JAKARTA, DISWAY.ID -- Badan Penyelenggara Jaminan Produk Halal Kementerian Agama (BPJPH) ungkapkan tidak ada perbedaan kriteria produk yang bisa mendapatkan sertifikat halal melalui self declare dan reguler oleh Majelis Ulama Indonesia (MUI).
Demikian menanggapi ramainya pembicaraan mengenai makanan dengan nama "beer", "wine", "tuak", hingga "tuyul" yang mendapatkan sertifikat halal.
Padahal menurut Fatwa MUI Nomor 44 Tahun 2020, terdapat ketentuan yang produk halal tidak boleh bertentangan dengan syariat Islam atau bertentangan dengan etika dan kepatutan yang berlaku di masyarakat.

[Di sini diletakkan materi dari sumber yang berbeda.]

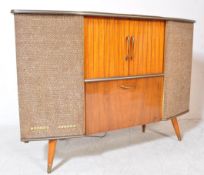 1950'S MID CENTUTY SOBELL STEREO RADIOGRAM SIDEBOARD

BACA JUGA:LPPOM MUI Buka Suara Atas 32 Produk Halal Wine dan Beer: Salah Ketik, Harusnya Beef
Imbas hal ini, muncul narasi bahwa mekanisme pendaftaran produk halal terbaru melalui self declare menjadi penyebab lolosnya kata-kata tersebut.
Untuk diketahui, ketetapan halal produk melalui jalur self-declare tidak melalui Komisi Fatwa MUI, tetapi Komite Fatwa Produk Halal (KFPH).
"Nggak ada perbedaan, karena kedua komite itu mengacu kepada standar yang sama. Di antara standar itu ada SNI 99004:2021 dan ada Fatwa MUI Nomor 44 Tahun 2020. Itu yang menjadi standar untuk mereka melakukan sidang-sidang untuk memutuskan kehalalan sebuah produk," tegas Kepala BPJPH Kemenag M Aqil Irham ketika ditemui Disway di Jakarta, 3 Oktober 2024.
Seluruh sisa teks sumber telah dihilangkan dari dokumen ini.